Exercise:
Give the lines below again exactly, starting with the line that holds "Vestido largo con escote en pico" and going on through the line that holds "Used 2026 Mercedes-Benz".

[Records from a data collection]
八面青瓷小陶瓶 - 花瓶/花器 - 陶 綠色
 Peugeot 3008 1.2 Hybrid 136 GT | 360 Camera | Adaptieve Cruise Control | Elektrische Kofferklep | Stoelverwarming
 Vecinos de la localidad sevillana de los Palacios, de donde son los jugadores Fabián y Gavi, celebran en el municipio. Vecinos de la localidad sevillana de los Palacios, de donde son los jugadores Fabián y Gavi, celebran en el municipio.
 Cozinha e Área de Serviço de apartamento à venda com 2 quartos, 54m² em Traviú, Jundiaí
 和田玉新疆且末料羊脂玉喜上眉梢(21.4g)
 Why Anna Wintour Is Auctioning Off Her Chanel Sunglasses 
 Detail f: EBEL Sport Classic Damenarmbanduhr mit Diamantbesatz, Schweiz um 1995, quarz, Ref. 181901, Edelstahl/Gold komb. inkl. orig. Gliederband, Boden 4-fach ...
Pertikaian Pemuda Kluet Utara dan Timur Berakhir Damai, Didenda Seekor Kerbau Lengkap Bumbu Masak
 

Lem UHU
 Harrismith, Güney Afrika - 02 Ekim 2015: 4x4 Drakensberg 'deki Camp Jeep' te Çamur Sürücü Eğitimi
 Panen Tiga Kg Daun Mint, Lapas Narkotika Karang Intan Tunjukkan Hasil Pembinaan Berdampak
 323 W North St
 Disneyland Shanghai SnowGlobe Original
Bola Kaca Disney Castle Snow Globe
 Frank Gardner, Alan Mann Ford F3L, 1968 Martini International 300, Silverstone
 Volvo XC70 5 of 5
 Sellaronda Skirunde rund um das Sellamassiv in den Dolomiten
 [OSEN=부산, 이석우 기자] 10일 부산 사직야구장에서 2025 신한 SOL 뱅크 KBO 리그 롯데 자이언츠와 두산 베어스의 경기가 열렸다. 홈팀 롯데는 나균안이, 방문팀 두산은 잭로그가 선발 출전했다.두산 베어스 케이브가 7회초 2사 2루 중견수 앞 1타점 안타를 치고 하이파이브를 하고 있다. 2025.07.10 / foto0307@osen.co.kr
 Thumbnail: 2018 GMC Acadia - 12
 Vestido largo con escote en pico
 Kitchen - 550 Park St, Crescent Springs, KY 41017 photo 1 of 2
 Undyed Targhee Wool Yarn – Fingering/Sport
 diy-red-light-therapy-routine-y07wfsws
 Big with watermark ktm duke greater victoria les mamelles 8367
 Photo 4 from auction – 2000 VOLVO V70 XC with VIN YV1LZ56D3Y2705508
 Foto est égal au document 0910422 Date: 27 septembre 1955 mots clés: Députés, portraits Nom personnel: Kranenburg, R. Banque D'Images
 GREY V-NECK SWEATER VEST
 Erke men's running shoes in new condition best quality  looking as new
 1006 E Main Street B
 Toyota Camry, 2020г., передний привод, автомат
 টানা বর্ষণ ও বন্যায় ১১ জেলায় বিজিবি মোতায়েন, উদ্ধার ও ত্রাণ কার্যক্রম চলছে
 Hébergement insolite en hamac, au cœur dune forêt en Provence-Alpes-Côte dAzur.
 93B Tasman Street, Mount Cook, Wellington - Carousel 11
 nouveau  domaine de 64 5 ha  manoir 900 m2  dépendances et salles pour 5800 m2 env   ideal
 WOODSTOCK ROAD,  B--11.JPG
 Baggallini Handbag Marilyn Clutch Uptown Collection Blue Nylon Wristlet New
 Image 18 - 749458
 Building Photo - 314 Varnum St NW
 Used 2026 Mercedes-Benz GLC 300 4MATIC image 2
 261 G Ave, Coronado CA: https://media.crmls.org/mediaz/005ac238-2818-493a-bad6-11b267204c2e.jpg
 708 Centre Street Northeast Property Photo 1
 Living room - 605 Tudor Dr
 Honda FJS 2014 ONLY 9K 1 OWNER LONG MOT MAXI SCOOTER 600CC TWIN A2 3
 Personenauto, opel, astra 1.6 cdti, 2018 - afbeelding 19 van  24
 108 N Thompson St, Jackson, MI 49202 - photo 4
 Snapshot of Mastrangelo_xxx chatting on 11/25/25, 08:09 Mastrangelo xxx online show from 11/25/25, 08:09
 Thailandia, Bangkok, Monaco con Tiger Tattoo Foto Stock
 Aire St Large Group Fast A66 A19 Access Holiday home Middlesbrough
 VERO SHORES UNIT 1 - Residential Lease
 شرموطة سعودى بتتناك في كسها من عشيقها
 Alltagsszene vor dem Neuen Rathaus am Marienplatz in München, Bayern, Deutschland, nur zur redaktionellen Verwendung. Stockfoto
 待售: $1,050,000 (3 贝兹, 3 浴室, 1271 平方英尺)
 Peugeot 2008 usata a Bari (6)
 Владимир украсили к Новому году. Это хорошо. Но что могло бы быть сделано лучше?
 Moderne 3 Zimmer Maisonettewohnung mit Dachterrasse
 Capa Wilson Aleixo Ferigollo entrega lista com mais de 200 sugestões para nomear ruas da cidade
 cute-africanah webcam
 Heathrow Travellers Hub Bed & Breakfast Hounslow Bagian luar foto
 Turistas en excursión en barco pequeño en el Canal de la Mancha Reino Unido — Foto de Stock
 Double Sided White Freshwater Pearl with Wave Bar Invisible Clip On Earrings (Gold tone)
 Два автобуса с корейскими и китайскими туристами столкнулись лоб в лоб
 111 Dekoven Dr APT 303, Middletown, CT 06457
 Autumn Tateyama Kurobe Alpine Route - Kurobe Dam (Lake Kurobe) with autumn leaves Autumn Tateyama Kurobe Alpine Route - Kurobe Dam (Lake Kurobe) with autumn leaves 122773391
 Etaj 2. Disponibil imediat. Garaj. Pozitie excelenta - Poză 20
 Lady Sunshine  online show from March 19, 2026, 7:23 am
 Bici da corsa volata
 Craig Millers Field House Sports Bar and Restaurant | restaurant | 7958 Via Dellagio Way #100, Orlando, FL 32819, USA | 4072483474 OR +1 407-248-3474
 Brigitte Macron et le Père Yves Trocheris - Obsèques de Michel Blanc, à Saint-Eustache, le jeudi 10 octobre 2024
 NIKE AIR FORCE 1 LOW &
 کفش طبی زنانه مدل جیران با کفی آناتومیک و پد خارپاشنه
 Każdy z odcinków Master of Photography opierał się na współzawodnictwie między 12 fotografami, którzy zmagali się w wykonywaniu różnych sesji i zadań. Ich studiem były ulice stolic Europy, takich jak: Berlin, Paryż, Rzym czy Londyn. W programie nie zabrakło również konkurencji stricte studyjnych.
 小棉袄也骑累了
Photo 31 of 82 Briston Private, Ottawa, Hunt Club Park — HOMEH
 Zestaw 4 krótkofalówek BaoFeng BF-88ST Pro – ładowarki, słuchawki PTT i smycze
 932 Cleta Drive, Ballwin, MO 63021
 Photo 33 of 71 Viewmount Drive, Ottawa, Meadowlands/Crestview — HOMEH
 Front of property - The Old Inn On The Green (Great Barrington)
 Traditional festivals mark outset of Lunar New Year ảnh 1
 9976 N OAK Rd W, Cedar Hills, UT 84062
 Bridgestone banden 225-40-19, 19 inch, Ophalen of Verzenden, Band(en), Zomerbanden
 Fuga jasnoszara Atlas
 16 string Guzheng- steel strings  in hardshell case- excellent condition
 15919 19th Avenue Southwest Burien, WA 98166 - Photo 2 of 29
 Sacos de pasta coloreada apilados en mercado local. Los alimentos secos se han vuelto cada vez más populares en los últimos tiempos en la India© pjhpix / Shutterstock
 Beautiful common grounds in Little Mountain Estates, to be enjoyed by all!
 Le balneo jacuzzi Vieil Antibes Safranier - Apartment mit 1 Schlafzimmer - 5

Written solution:
 Vestido largo con escote en pico
 Kitchen - 550 Park St, Crescent Springs, KY 41017 photo 1 of 2
 Undyed Targhee Wool Yarn – Fingering/Sport
 diy-red-light-therapy-routine-y07wfsws
 Big with watermark ktm duke greater victoria les mamelles 8367
 Photo 4 from auction – 2000 VOLVO V70 XC with VIN YV1LZ56D3Y2705508
 Foto est égal au document 0910422 Date: 27 septembre 1955 mots clés: Députés, portraits Nom personnel: Kranenburg, R. Banque D'Images
 GREY V-NECK SWEATER VEST
 Erke men's running shoes in new condition best quality  looking as new
 1006 E Main Street B
 Toyota Camry, 2020г., передний привод, автомат
 টানা বর্ষণ ও বন্যায় ১১ জেলায় বিজিবি মোতায়েন, উদ্ধার ও ত্রাণ কার্যক্রম চলছে
 Hébergement insolite en hamac, au cœur dune forêt en Provence-Alpes-Côte dAzur.
 93B Tasman Street, Mount Cook, Wellington - Carousel 11
 nouveau  domaine de 64 5 ha  manoir 900 m2  dépendances et salles pour 5800 m2 env   ideal
 WOODSTOCK ROAD,  B--11.JPG
 Baggallini Handbag Marilyn Clutch Uptown Collection Blue Nylon Wristlet New
 Image 18 - 749458
 Building Photo - 314 Varnum St NW
 Used 2026 Mercedes-Benz GLC 300 4MATIC image 2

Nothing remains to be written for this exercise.